=== Begin Enclosure ===

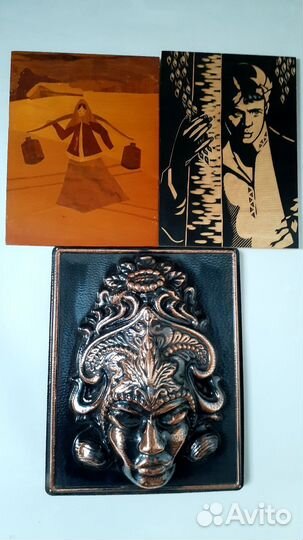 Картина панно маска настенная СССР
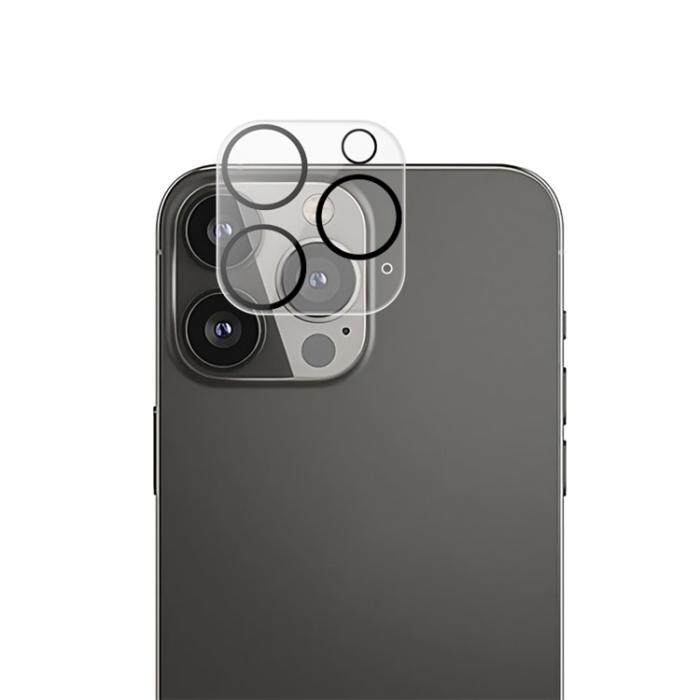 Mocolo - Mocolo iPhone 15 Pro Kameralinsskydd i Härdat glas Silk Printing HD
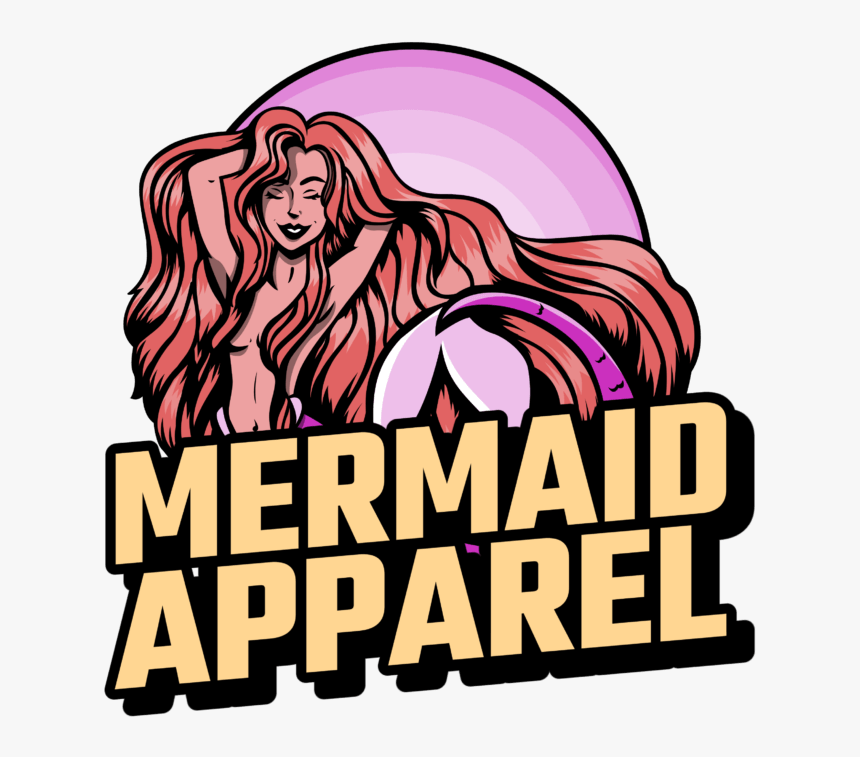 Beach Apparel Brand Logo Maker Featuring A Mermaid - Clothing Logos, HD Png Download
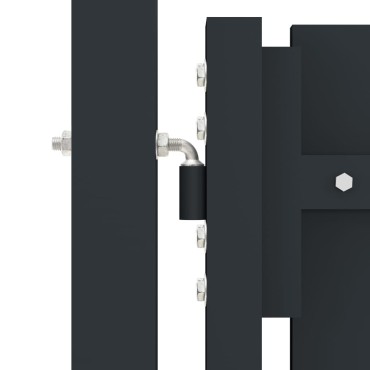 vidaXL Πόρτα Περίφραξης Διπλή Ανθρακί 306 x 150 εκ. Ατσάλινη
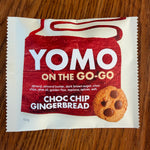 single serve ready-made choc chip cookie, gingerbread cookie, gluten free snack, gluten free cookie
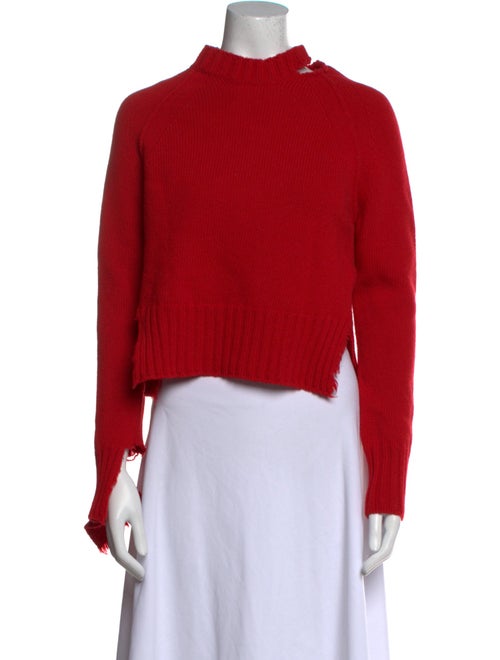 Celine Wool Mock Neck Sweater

=== End Enclosure ===

## Aim of the task
Copy exactly the lines from the line that contains "single serve ready-made" through the last line of the records above, both ends included, but leave out the pictures.

## Answer box
 single serve ready-made choc chip cookie, gingerbread cookie, gluten free snack, gluten free cookie
 Celine Wool Mock Neck Sweater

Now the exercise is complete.